The report says the government, meaning the the incoming Trump administration, will have to forge ahead with new policies and grapple with the complexities of existing social services to protect the millions of Americans who face displacement by advances in automation, robotics and artificial intelligence. The report also calls on the government to keep a close eye on fostering competition in the AI industry, since the companies with the most data will be able to create the most advanced products, effectively preventing new startups from having a chance to even compete.
Why not just have a bigger army? It'll be needed sooner or late.

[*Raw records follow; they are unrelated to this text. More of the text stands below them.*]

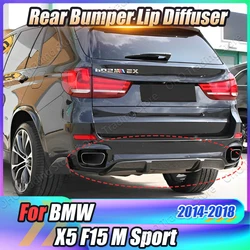 Labbro diffusore paraurti posteriore auto per BMW X5 F15 M Sport 2014 2015 2016 2017 2018 MP Style Spoiler Splitter Plate Body Kit Trim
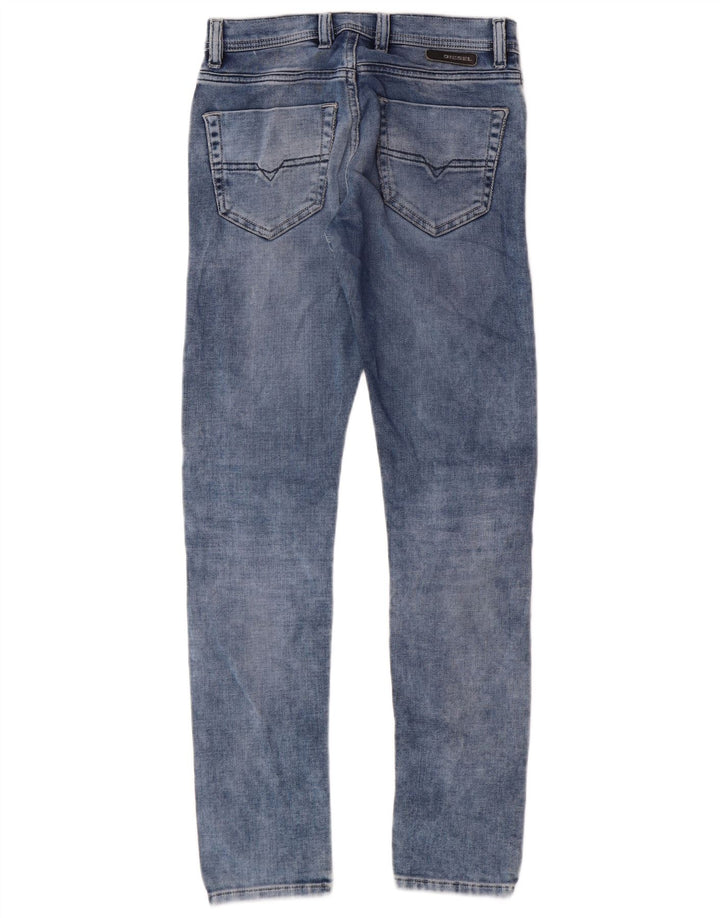 DIESEL Boys Tepphar Slim Jeans 11-12 ετών W26 L30 Blue Cotton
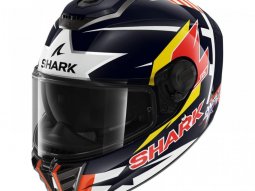 Casque intÃ©gral Shark Spartan RS Replica Zarco Austin bleu /...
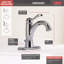 Robinet de salle de bain monotrou avec ensemble de drain Porter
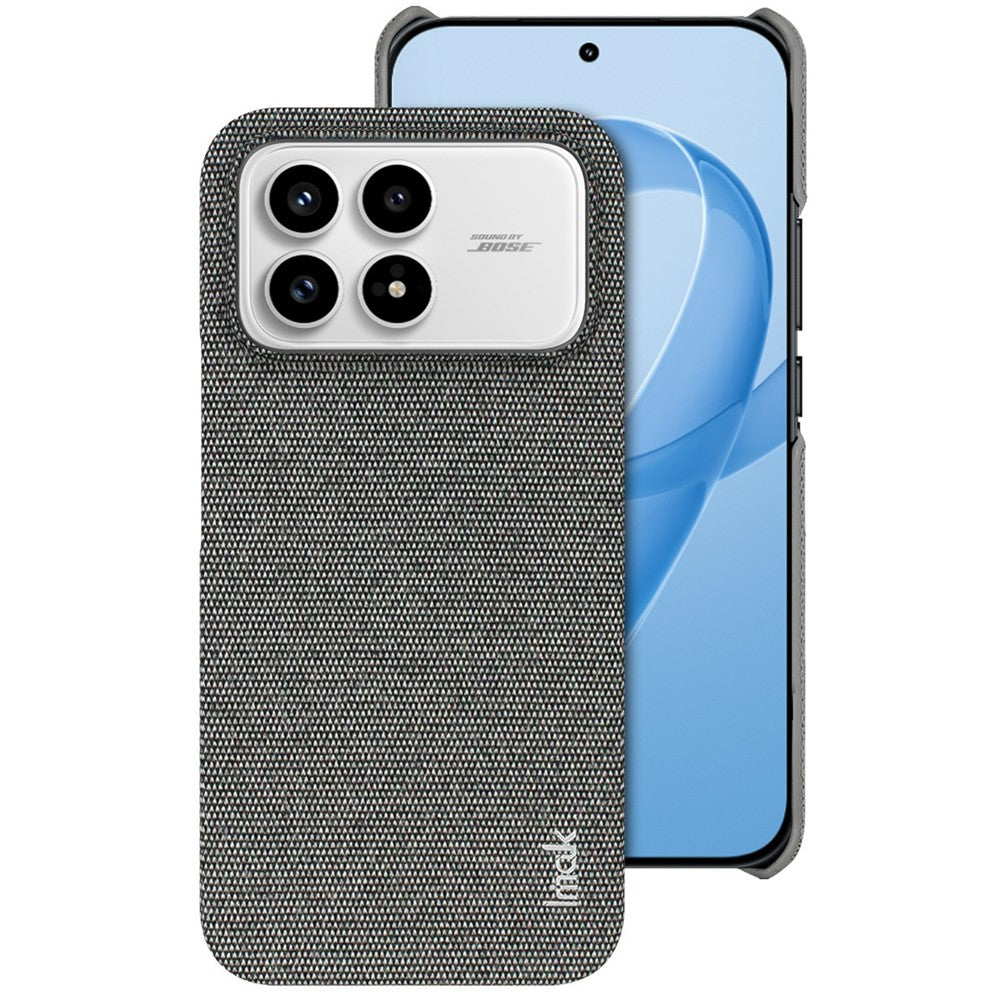 IMAK Ruiyi Series for Xiaomi Poco F8 Pro 5G / Redmi K90 5G Case Fabric Texture Leather + PC Phone Back Cover
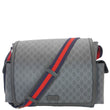 GUCCI Diaper GG Supreme Canvas Messenger Bag Black 495909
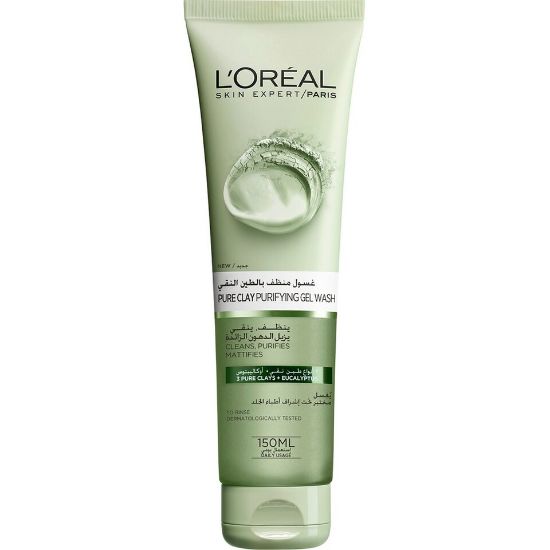 Picture of L'Oreal Paris Skin Care Pure Clay Cleanser Green Purifies & Matifies 150ml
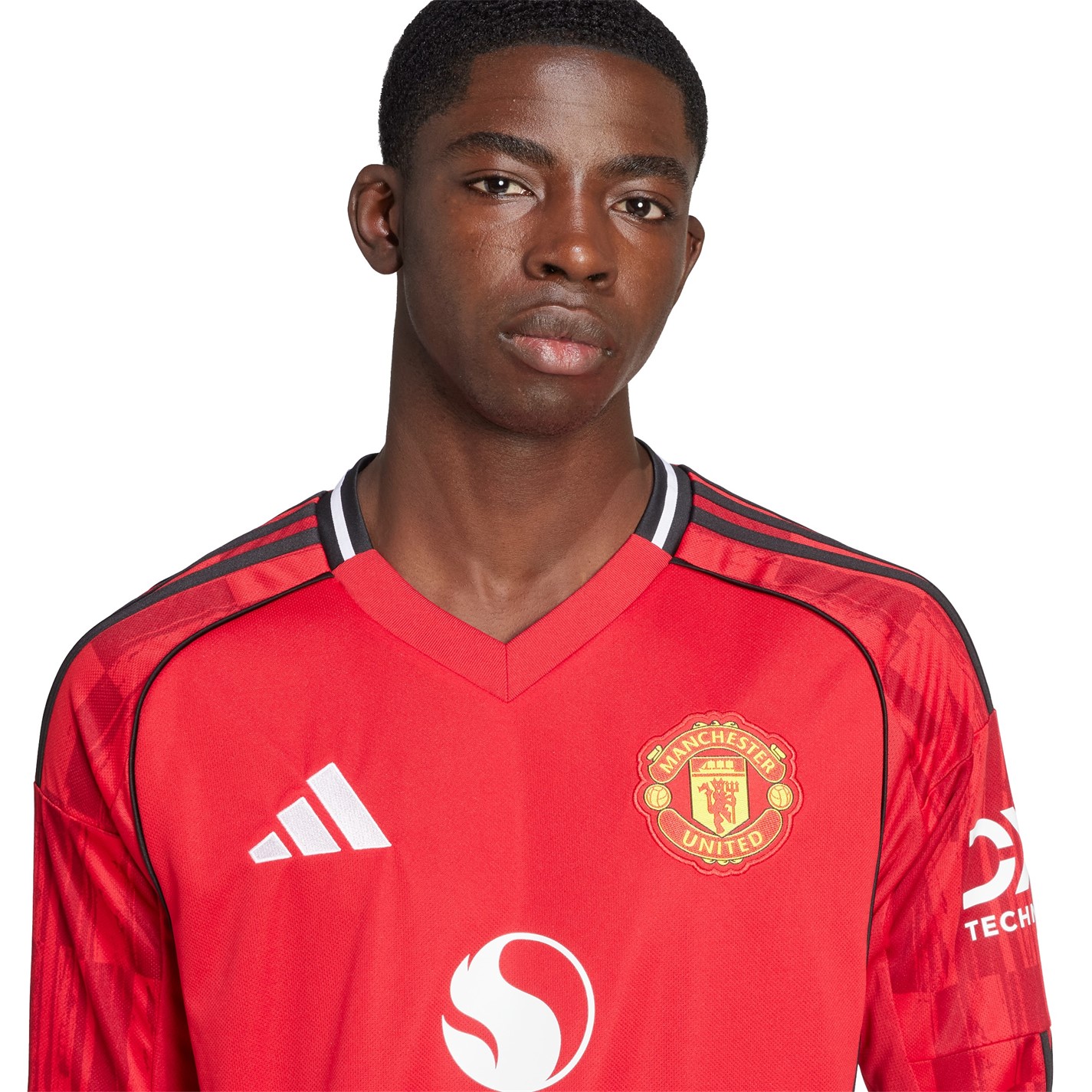 adidas | Manchester United Long Sleeve Home Shirt 2025 2026 Adults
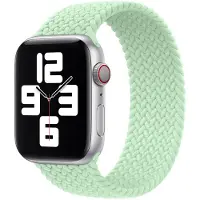 Apple Gevlochten solobandje voor de Watch | 38/40/41/42 mm - Maat 1 - Pistachio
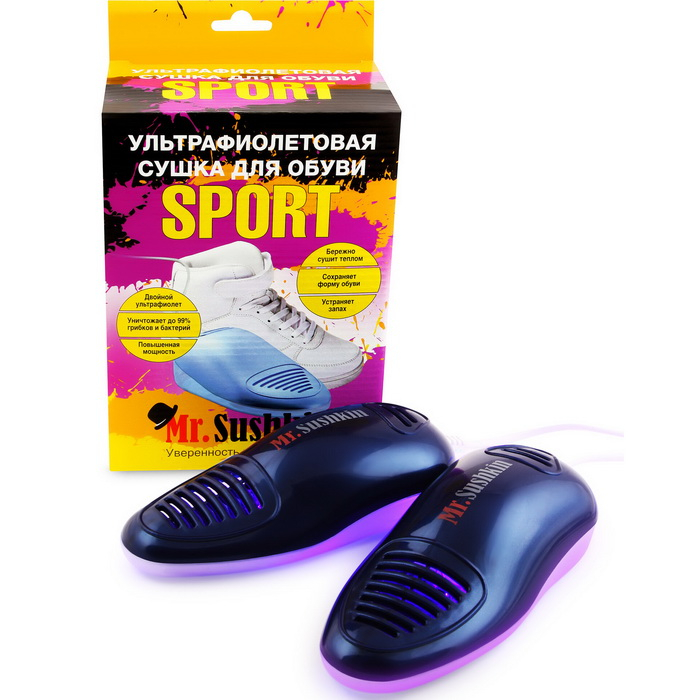 Mr. Sushkin Ультрафиолетовая сушка для обуви Sport, Ультрафиолетовая сушка для обуви Sport
Mr. Sushkin Ультрафиолетовая сушка для обуви Sport, Ультрафиолетовая сушка для обуви Sport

Confucius say, "Find worm in apple - bad. Find half a worm - worse."
Nice plan Demoncrats:
1. outsource jobs (NAFTA, etc)
2. bring whole 3rd world into country
3. blame AI (scapegoating)
4. insist workers must pay for whole 3rd world
It's called education, and self motivation. Unfortunately, we seem to be lacking in those qualities as a nation these days and the more nimble and aggressive third world countries are hammering it home. This is a problem that the free market could easily solve, given an opportunity to do so.
Citizens beware of the pending doom brought on by mad-scientists creating an army of robots that will take away your jobs, raise your children, sex your wife, and transport themselves in flying cars.
You must be prepared to be coddled by your government in order to survive. It is only by further relinquishing your free will and self motivation that you will flourish.
This is all, carry on.
Obama will issue all sorts of feel-good proclamations and what-have-you between now and 1/20/17, just because it will look good as part of his legacy, which he is busily imagining and crafting. It's a waste of time to afford these any real discussion. He's not serious about any of this stuff at this point, why should we be?
We need to end college for all and replace it with an more trades like system where you don't need 2-4+ years of class room to get a job with an 20-60K+ loan.
and / or change college accreditation so that tech / trade schools get more respect and make it so that colleges can update there Curriculum faster with less bs like.
Accreditation prioritizes the wrong things. Historically, accreditation has focused on things like how many professors have PhDs, whether a college has a mission statement, and whether degree programs require a broad, general education as well as a specific major. Critics, including Margaret Spellings, the education secretary under President George W. Bush, have argued this misses an important point: whether students are learning. Most accreditors now require colleges to define the outcomes they want for their students and measure whether they're meeting them, but it gives colleges a lot of leeway on what those outcomes are.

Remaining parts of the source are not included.